For those who live in London, it is a common sight. Go to a random junction and observe what pedestrians do. There will be parents pushing prams over a busy junction in Nappy Valley a.k.a. Clapham Junction, no matter whether there is traffic or not (the toddlers will find out first, I feel sorry for them). There will be confident suits with stylish earphones at King’s Cross, waiting on the street rather than on the pavement (the crucial step ahead of everyone else). And so on.

For some pedestrians, ignorance has no bounds. By stepping on the road instead of waiting on the pavement, they put themselves into the path of cyclists who are bound to the space between curb and where the cars go. A common sight where Northcote Road meets Battersea Rise: cyclists are approaching the junction at high speed, coming down a slope, and need to negotiate space with cars. And then suddenly, some pedestrians decide to wait more comfortably on the road. Until they find out that there is traffic in form of cyclists. Surprise, surprise.

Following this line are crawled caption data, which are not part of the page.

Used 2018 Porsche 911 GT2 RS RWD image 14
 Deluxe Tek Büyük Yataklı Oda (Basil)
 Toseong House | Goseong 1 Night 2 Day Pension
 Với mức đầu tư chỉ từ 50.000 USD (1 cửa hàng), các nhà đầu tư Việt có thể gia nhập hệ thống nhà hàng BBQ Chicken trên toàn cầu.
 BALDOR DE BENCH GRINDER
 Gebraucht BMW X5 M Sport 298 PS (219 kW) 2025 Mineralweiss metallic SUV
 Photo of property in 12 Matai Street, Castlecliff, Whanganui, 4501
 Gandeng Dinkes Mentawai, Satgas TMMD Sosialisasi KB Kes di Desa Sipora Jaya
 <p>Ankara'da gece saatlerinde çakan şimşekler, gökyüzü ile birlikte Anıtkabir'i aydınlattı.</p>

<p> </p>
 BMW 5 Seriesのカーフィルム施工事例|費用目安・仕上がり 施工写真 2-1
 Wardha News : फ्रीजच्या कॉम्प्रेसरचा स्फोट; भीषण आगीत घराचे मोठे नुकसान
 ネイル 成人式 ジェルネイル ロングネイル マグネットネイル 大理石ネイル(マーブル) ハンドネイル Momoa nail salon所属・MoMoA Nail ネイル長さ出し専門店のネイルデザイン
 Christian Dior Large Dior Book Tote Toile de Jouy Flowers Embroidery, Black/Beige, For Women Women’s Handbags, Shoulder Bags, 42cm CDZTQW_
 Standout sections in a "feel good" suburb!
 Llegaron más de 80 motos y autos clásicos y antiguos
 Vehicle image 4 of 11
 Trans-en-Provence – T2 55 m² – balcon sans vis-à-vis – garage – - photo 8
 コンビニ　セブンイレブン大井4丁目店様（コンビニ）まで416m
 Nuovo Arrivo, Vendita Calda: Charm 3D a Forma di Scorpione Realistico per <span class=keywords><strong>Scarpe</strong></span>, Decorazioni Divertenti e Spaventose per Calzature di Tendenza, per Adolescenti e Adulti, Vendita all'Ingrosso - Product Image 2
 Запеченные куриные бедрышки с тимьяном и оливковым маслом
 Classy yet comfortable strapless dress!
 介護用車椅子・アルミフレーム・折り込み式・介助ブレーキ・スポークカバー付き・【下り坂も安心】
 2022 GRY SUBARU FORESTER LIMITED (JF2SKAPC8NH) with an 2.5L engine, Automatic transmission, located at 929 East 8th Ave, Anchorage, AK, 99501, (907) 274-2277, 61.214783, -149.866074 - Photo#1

Then there is the category of self-confident (or over-confident, if you ask me), uber-cool urban cowboys (cowgirls) who display total ignorance of other traffic participants (be it cyclists, cars, buses, or lorries). For them, stepping onto the road while waiting is compulsory, and crossing must happen as early as possible at all costs. After all, in London, running over pedestrians is neither customary nor is it permitted by law. Hence, these cowboys might think — assuming they are aware of their behaviour — that drivers will stop for that reason. Fortunately, for them and for me and other bystanders, the drivers indeed stop or evade such cowboys! For a cowboy, every centimetre headstart counts. And once there is the opportunity to wait on the traffic island in the middle, no matter whether there is any chance to cross the remaining lanes or space remaining on that traffic island, go! Any progress is progress. Waiting is display of weakness.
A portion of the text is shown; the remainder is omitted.